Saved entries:
######
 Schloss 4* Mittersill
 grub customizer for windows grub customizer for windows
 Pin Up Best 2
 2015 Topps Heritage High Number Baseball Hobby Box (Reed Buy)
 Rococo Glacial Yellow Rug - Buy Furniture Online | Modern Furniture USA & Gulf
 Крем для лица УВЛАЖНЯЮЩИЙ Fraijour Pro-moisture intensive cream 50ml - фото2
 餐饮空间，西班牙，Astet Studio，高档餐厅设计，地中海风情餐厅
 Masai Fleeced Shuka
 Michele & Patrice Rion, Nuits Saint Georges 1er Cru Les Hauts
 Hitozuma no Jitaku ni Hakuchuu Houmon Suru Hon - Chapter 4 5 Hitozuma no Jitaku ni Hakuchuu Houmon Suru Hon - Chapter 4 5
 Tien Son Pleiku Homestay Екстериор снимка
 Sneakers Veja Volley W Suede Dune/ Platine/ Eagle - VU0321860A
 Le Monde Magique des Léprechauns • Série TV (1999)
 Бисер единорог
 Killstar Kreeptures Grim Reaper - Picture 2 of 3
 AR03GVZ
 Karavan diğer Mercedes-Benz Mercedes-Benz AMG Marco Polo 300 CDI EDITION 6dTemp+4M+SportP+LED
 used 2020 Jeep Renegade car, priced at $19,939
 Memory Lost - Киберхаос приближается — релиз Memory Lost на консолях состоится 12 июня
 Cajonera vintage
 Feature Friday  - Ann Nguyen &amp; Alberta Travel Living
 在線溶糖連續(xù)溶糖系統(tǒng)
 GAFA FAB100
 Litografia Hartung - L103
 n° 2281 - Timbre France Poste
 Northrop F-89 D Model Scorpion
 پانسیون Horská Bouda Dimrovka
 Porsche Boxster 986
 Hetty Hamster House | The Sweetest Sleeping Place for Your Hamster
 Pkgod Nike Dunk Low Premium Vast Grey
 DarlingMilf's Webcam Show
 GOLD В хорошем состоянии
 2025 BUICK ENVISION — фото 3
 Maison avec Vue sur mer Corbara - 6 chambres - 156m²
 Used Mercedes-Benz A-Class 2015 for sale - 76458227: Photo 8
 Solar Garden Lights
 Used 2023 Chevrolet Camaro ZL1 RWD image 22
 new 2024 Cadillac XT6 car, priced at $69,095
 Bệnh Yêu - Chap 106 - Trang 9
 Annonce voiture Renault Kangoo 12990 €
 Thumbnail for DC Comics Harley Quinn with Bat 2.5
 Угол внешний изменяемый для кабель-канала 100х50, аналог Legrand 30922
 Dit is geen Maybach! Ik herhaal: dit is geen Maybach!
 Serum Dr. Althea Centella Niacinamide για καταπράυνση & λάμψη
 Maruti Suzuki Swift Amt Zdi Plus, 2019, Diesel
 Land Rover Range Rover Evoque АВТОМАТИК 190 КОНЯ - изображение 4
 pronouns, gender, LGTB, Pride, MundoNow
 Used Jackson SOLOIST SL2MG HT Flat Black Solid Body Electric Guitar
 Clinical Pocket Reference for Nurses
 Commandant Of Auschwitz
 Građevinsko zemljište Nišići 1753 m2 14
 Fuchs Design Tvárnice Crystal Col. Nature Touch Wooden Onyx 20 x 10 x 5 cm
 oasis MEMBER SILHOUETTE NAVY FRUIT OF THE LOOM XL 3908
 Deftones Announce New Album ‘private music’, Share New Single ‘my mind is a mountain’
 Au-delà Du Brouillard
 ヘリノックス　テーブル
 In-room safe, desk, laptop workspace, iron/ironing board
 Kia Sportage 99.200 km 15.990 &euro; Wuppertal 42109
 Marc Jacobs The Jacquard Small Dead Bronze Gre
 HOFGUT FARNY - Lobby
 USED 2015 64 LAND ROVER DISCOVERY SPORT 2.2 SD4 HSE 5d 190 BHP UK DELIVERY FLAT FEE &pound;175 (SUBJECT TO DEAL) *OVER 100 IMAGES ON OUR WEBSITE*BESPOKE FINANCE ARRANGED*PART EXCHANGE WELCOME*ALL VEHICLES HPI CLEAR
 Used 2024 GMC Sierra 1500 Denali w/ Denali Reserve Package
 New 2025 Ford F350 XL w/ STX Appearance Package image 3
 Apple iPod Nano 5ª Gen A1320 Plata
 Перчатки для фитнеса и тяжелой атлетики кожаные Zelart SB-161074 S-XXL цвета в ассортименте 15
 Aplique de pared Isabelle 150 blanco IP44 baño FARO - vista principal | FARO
######
--- TASK TO CARRY OUT ---
Your answer should be one number: how many lines above include the word "Benz".

--- THE ANSWER ---
2